- _WORK TO BE COMPLETED_:
Reproduce every line of the material below, but drop the pictures.

- _DATA TO PROCESS_:
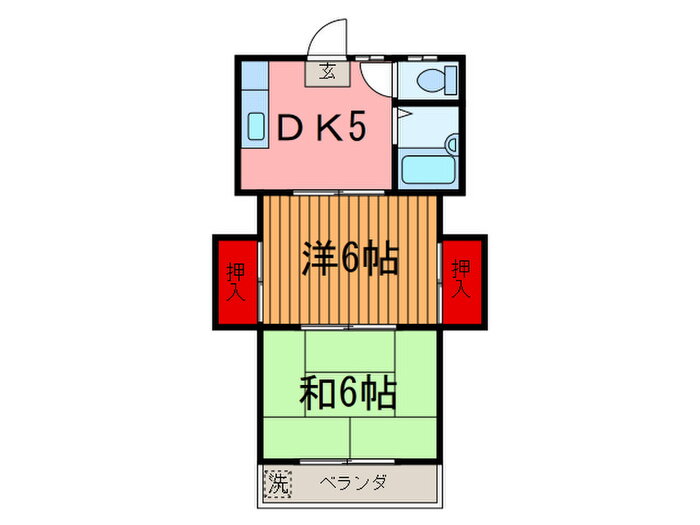 板橋コ－ポ 2階 2DK 賃貸物件詳細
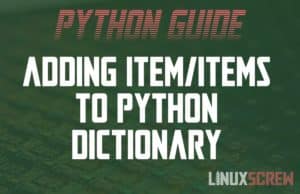 Add Item to Python Dictionary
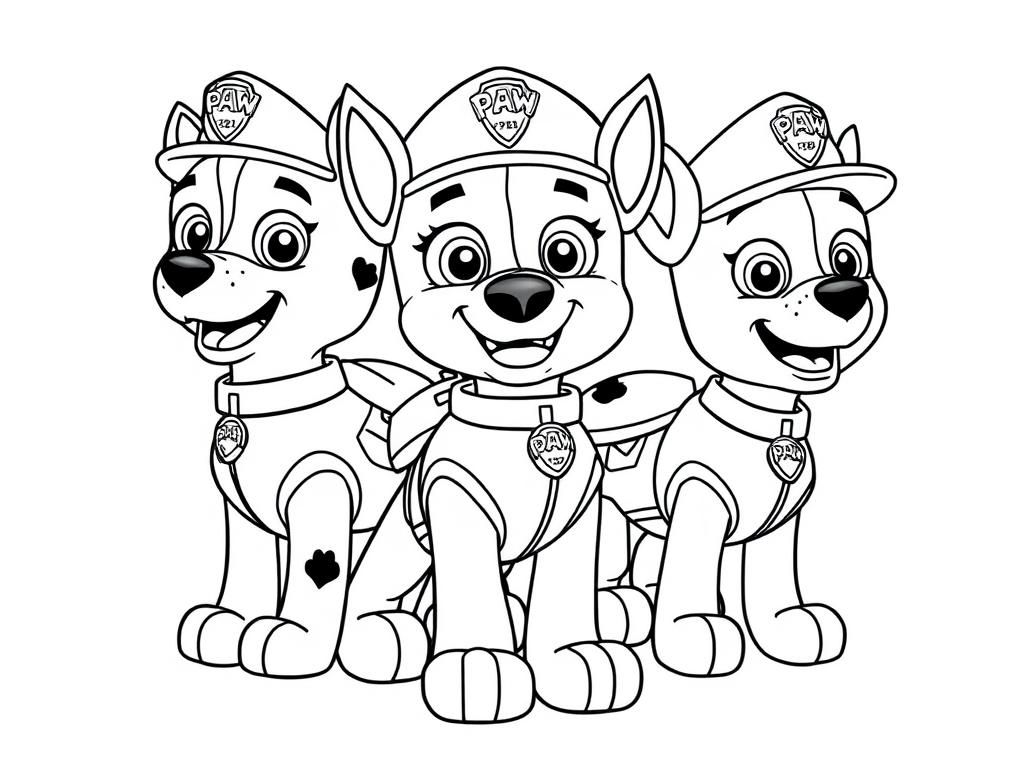 paw patrol - Free Printable Coloring Page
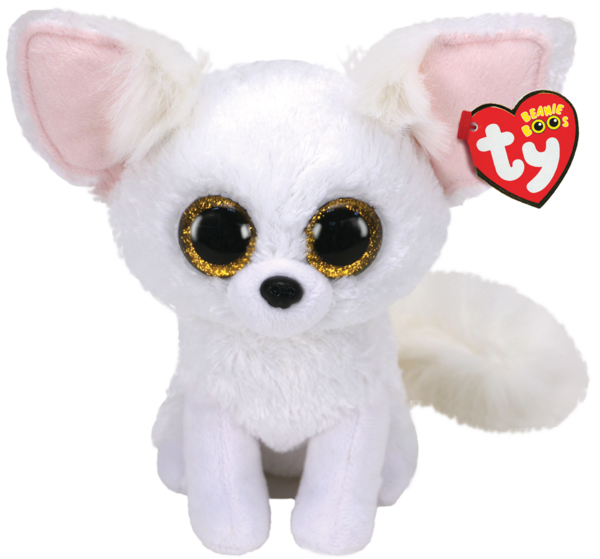М'яка іграшка TY Beanie Boo's Біла лисиця Phoenix, 25 см (36481) - Pampik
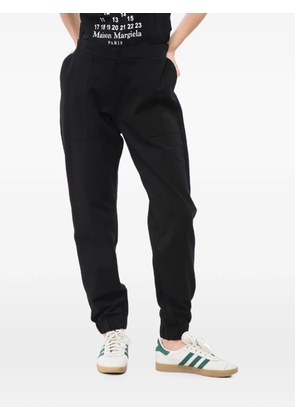 OBLÒ UNIQUE elasticated-waistband trousers - Black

- _TASK OUTPUT_:
 板橋コ－ポ 2階 2DK 賃貸物件詳細
 Add Item to Python Dictionary
 paw patrol - Free Printable Coloring Page
М'яка іграшка TY Beanie Boo's Біла лисиця Phoenix, 25 см (36481) - Pampik
 OBLÒ UNIQUE elasticated-waistband trousers - Black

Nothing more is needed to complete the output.